Fernando Rocha
Chances remotas
A pergunta que mais ouvimos esta semana, foi sem dúvida à respeito das chances do Tigre conquistar o título estadual, nesta decisão amanhã diante do Galo.
A expectativa dos nossos interlocutores, variou de uma tênue esperança numa vitória do Tigre por dois gols de diferença, o que lhe daria o bicampeonato, até a total incredulidade, depois que viram a convincente atuação de Tardelli e seus companheiros, na vitória de quarta-feira, 3 a 2, sobre o Santos pela Copa do Brasil, um jogaço de bola, com qualidade técnica de ambos os lados, muito acima do que habitualmente temos visto aqui nestes grotões.
O Galo está inteiro, motivado, focado e determinado em conquistar o primeiro título na era Luxemburgo. O Tigre, por sua vez, desfalcado dos principais jogadores, com mais de meio time no estaleiro, outros suspensos, além de encarar um Mineirão com mais de 60 mil vozes a empurrar o adversário.
Então, analisando as perspectivas por este ângulo, o Tigre estaria literalmente fulminado e nem precisaria haver o jogo, pois deixa estar que o melhor seria já chamar o representante alvi-negro e lhe entregar o troféu de campeão.
Mas, não é assim que as coisas funcionam no futebol, o único dos esportes coletivos, onde a lógica nem sempre se confirma dentro de campo, por conta da influência de uma série de fatores internos e externos, costumam mudar os rumos das partidas e de conquistas, pois como escreveu o grande Nelson Rodrigues, “acometido de uma dor de cotovelo, o craque costuma errar até um reles arremesso lateral”.

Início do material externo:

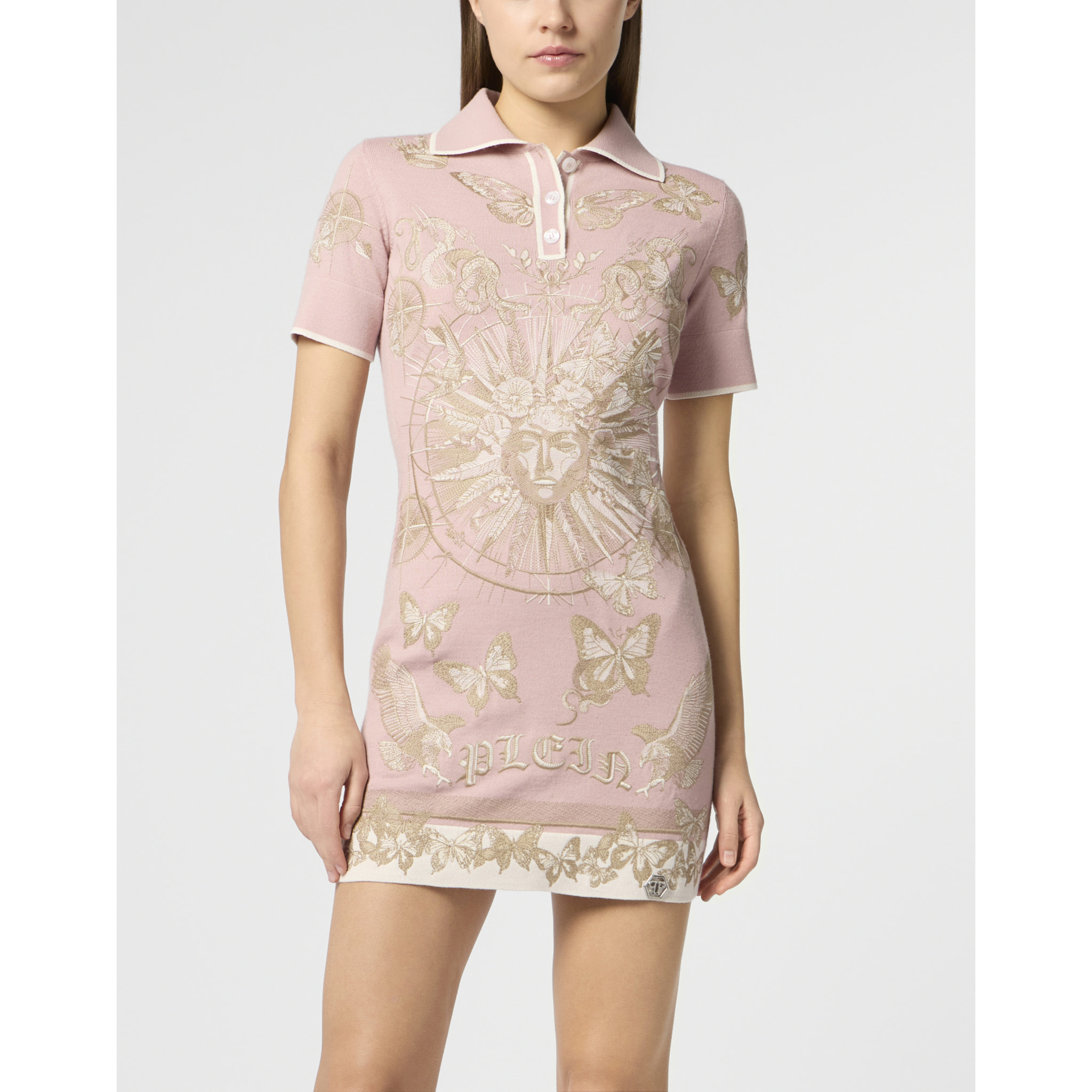 PHILIPP PLEIN Polo Mini Dress Butterfly Tattoo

- Normalmente o torcedor atleticano é um otimista e em qualquer situação, sempre acredita que o Galo vai vencer, ser campeão, etc, coisa e tal. Imaginemos então, agora, que tem motivos de sobra para sentir firmeza na equipe, no treinador, em tudo que o cerca. Se o Ipatinga conseguir a proeza de derrotar o Galo, por dois gols de diferença, sagrando-se campeão amanhã, diante de um Mineirão lotado, sugiro ao prefeito atual, que decrete feriado na segunda-feira, e que toda a população saia às ruas, para aplaudir e receber os jogadores, com direito a desfile de carro aberto dos Bombeiros.
- Em 2005, teve parte disso, mas não foi feriado no dia seguinte à conquista do título estadual, também obtido contra todas as previsões, com uma vitória dramática sobre o não menos poderoso Cruzeiro, no mesmo palco de amanhã. Na época, acho que nem mesmo os próprios dirigentes do Ipatinga, tinham noção do tamanho da façanha obtida, quebrando um monopólio de 31 anos dos clubes da capital, já que o Siderúrgica de Sabará, em 1964, havia sido o último campeão saído do interior.
- Vanderlei Luxemburgo, com razão, se vangloria de ter lançado e contribuido para o sucesso de muitos jovens jogadores, que hoje brilham no cenário do futebol nacional e mundial. Mas, embora tenha tentado, Renan Oliveira parece que vai se tornar foguete molhado. Oportunidades não tem faltado, como na última quarta-feira diante do Santos, mas o garoto nega fogo. Entrou em campo como se estivesse passeando de mãos dados com uma garota no Pátio Savassi ou no Shoping do Vale. Renan não é o futuroso craque que apregoam, mas também não é um cabeça de bagre e só o tempo irá dizer o que vai acontecer com ele.
- Enquanto na gestão dos Perrelas, o Cruzeiro anuncia um déficit nas contas de R$ 42 milhões nos dois últimos anos, a nova diretoria do Galo, comandada por Alexandre Kalil, comemora a saída do clube das manchetes judiciais e até policiais, por conta de dívidas com jogadores, fornecedores, enfim, só duas pessoas, Deus e o povo. O prejuizo anual caiu de aproximadamente R$ 36 milhões em 2008, para cerca de R$ 23 milhões em 2009. Segundo dados divulgados pela Administração Kalil, no ano passado, mesmo sem patrocínio na camisa, houve superávit operacional de R$ 3.450.778 . A dívida total do Atlético, segundo o balanço apresentado pela diretoria, está em R$ 231.618.214,00.
- “Se não roubar e não deixar roubar, sobra dinheiro no Atlético”.Alexandre Kalil, presidente Galo. (Fecha o pano!)